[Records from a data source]
+--

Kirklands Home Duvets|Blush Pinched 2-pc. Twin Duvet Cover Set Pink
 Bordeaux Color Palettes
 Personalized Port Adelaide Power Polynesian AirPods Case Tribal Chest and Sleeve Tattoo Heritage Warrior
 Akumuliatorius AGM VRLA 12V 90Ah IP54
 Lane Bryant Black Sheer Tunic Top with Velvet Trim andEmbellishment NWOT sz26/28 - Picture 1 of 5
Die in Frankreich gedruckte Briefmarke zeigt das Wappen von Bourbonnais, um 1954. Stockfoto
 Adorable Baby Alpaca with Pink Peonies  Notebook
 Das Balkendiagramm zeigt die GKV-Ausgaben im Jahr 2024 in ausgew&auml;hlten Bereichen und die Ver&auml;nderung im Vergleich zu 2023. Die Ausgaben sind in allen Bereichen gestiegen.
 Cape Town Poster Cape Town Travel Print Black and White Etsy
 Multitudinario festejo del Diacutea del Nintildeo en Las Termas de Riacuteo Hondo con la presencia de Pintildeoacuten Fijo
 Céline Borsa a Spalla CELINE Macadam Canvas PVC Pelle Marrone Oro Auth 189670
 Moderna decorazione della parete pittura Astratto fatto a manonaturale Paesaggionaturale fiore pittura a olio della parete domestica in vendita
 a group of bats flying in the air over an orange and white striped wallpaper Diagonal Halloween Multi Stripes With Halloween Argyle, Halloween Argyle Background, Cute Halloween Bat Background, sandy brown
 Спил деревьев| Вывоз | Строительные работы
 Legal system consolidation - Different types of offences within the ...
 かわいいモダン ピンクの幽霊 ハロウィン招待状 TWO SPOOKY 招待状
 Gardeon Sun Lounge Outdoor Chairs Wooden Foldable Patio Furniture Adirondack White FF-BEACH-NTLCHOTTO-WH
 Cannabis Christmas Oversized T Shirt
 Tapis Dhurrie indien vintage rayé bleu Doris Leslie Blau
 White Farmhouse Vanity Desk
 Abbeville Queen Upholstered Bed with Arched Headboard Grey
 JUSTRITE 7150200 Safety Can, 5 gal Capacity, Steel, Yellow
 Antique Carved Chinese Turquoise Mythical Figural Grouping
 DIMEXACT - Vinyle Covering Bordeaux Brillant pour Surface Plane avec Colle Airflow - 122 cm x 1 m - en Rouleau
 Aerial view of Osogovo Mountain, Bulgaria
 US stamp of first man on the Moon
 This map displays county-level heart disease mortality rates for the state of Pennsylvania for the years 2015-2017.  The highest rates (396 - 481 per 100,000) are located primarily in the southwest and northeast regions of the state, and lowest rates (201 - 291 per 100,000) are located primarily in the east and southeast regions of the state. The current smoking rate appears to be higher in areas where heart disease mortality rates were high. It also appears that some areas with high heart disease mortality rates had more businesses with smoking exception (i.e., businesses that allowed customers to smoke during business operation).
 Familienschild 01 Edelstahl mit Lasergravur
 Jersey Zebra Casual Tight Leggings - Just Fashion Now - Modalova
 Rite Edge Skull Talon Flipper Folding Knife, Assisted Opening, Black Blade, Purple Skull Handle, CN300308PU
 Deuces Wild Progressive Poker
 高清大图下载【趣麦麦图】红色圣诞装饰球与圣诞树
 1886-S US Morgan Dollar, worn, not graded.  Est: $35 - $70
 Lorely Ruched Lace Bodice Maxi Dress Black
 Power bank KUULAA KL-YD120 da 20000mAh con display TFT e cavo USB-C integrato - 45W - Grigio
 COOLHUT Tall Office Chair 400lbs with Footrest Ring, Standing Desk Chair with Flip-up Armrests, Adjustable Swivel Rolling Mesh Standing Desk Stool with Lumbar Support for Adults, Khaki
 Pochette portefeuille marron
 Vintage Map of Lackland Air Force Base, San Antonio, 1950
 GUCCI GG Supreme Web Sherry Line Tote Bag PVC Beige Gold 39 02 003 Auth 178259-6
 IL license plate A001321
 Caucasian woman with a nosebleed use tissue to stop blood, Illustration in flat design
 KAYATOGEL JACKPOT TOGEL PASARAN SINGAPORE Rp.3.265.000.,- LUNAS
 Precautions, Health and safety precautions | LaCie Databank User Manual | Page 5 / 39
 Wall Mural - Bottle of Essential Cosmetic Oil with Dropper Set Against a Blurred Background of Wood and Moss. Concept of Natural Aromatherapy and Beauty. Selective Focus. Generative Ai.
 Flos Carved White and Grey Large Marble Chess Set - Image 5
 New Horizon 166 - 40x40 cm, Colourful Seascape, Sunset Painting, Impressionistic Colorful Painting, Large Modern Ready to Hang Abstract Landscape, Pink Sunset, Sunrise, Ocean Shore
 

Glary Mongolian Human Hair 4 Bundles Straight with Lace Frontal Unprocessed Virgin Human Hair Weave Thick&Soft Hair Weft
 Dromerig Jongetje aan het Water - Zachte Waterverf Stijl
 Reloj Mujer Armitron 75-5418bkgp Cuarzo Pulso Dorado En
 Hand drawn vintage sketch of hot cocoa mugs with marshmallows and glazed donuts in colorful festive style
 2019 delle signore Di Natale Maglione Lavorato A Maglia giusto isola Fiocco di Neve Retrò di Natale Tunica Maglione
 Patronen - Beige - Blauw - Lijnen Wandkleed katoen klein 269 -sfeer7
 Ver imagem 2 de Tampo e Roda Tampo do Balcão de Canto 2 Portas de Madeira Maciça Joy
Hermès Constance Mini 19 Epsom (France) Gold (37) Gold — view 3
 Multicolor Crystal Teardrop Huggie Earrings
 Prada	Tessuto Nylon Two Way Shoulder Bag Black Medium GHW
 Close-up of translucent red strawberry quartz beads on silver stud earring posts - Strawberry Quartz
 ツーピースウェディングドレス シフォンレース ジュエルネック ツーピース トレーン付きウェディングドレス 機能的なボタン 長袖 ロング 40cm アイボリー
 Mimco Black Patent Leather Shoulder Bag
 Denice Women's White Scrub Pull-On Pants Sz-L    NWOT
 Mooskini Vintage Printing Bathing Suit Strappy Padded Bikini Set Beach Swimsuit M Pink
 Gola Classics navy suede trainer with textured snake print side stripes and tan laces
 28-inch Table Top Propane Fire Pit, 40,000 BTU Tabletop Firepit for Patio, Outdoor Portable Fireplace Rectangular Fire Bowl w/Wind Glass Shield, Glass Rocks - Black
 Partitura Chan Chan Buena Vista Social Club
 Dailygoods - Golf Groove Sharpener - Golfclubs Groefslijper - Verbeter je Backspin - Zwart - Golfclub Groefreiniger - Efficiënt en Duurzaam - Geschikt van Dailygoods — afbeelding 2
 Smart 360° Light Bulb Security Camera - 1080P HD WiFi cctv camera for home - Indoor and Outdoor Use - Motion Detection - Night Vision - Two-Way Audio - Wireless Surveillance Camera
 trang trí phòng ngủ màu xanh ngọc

+--

§ **Task details**
Copy out all the lines of the records that include "Auth".

§ **Written response**
 Céline Borsa a Spalla CELINE Macadam Canvas PVC Pelle Marrone Oro Auth 189670
 GUCCI GG Supreme Web Sherry Line Tote Bag PVC Beige Gold 39 02 003 Auth 178259-6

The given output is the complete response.